The reigning Olympic downhill champion posted on her Facebook page Thursday: "First day back on snow since my crash and it was awesome!" She also attached a picture of herself -- grinning -- on an empty slope in Vail.
Although she's skipping the races in Beaver Creek this weekend, the 29-year-old Vonn hasn't ruled out a return to competition in Lake Louise, Alberta, next week. Good friend and rival Maria Hoefl-Riesch of Germany told The Associated Press on Thursday after a downhill training run that the two are planning to travel together to Lake Louise on Monday.
"She's really positive," said Hoefl-Riesch, who spent some time with Vonn earlier in the week. "I'm looking forward to seeing her back on skis and finally back racing.
"If she feels well and has no pain and no unstable feeling, I think she's strong enough in her head to ski 100 percent."
Vonn had a training mishap in Copper Mountain nine days ago and partially tore a reconstructed ligament in her right knee. At the time on Facebook, she called it a "temporary setback" and that "nothing will keep me from picking myself back up and continuing to fight for my dreams."
The Sochi Olympics are in February.
Vonn hasn't raced since tearing ligaments in her right knee during a high-speed accident at the world championships in February. She was well ahead of schedule for a World Cup return -- with her first competition scheduled to be this weekend in Beaver Creek -- before her crash at the U.S. speed center in Copper.
Just the news that Vonn was back on skis was greeted as a good sign for teammate Leanne Smith.
"I'm psyched for her," Smith said. "I just want her to feel comfortable and ready to get back on it. ... I know she's working (hard) and that's all that matters. I hope the progression is easy for her and that her confidence is right back again."
In an interview with NBC's "Today" show on Wednesday, Vonn said that her recent crash was caused when she caught an edge, flipped over her skis and "went head-first into the fence." She said the knee wasn't the reason for the spill and that her protective brace saved her from possibly more damage.
"Unfortunately, it was really bad timing for me," Vonn said. "I'm still confident. I still feel like I have a lot left to achieve this season. ... I still have time before Sochi."
In her Facebook post Thursday, Vonn didn't indicate how aggressively she skied or how long she was on the hill.
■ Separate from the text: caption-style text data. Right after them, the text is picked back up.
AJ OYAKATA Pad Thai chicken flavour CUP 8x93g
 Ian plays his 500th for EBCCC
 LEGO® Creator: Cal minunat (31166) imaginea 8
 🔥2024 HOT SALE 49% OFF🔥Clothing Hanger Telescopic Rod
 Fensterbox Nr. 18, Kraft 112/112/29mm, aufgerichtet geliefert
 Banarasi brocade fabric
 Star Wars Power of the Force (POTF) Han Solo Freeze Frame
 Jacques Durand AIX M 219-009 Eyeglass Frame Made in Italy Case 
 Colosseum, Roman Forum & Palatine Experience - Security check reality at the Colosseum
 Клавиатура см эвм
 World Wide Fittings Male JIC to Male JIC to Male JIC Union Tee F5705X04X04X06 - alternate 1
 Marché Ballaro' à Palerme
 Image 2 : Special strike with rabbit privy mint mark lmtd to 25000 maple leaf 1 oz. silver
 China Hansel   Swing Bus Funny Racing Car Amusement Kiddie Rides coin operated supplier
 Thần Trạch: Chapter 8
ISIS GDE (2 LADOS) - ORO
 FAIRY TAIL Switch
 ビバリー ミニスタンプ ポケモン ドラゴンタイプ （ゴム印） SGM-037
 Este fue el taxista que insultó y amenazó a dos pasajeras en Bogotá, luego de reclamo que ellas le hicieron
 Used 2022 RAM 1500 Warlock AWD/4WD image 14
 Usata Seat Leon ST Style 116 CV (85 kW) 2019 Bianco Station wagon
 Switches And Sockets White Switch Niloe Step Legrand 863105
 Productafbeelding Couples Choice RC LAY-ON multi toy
She did thank Vail for opening the lifts early and wished everyone a happy Thanksgiving.
"I'm very thankful for many things this year (family, loved ones, great fans) but at this moment I'm happy to be on the mountain doing what I love -- skiing!!" she posted.
Vonn needs just three more wins to match Austrian great Annemarie Moser-Proell's record of 62 World Cup race victories.